Information supplied below:
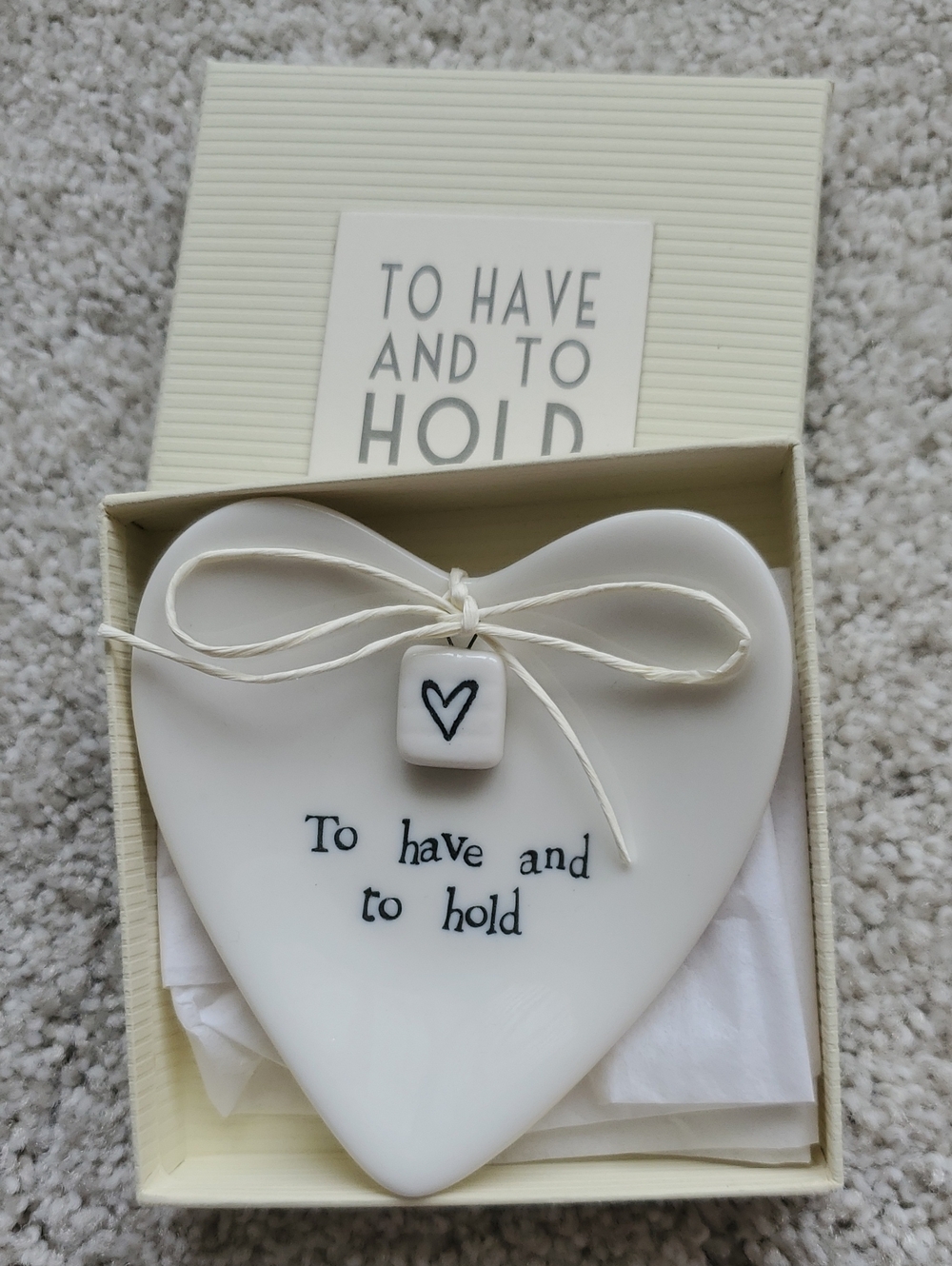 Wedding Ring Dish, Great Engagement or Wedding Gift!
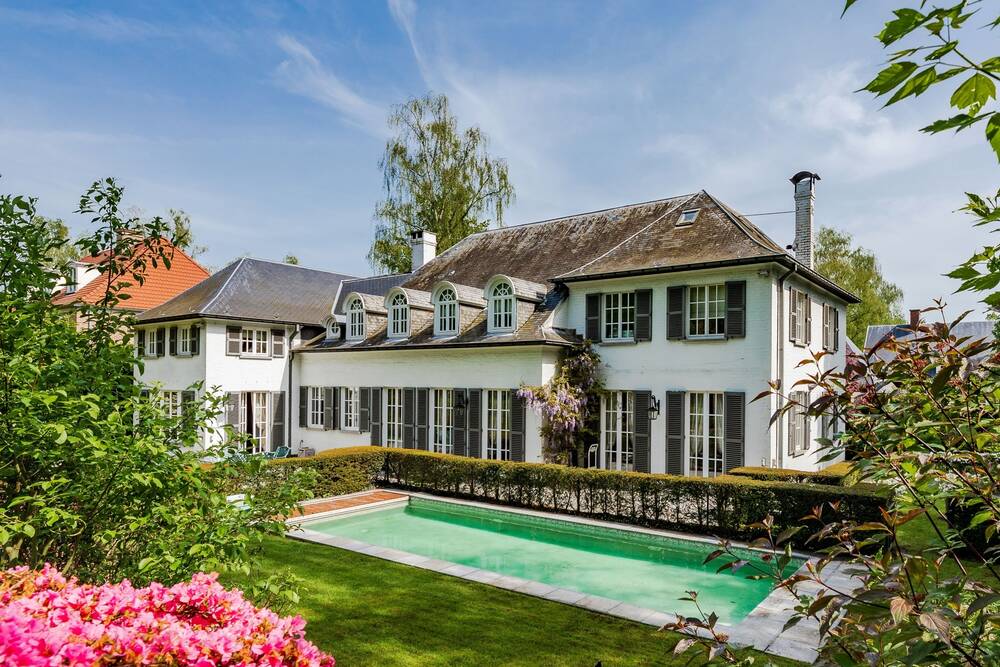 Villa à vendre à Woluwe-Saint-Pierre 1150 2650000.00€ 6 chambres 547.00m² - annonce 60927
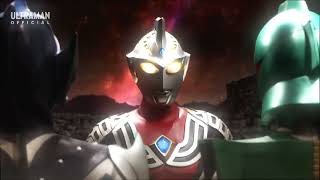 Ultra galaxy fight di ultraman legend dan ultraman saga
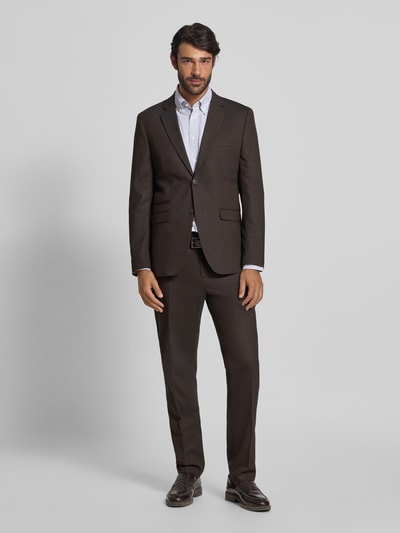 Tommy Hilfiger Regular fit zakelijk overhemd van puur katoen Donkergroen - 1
End of Information supplied.
§ Directions for this task
Leave out the pictures, and retype exactly the lines from the one containing "Villa à vendre" through the final line of the data.

§ Answer to this problem
 Villa à vendre à Woluwe-Saint-Pierre 1150 2650000.00€ 6 chambres 547.00m² - annonce 60927
 Ultra galaxy fight di ultraman legend dan ultraman saga
 Tommy Hilfiger Regular fit zakelijk overhemd van puur katoen Donkergroen - 1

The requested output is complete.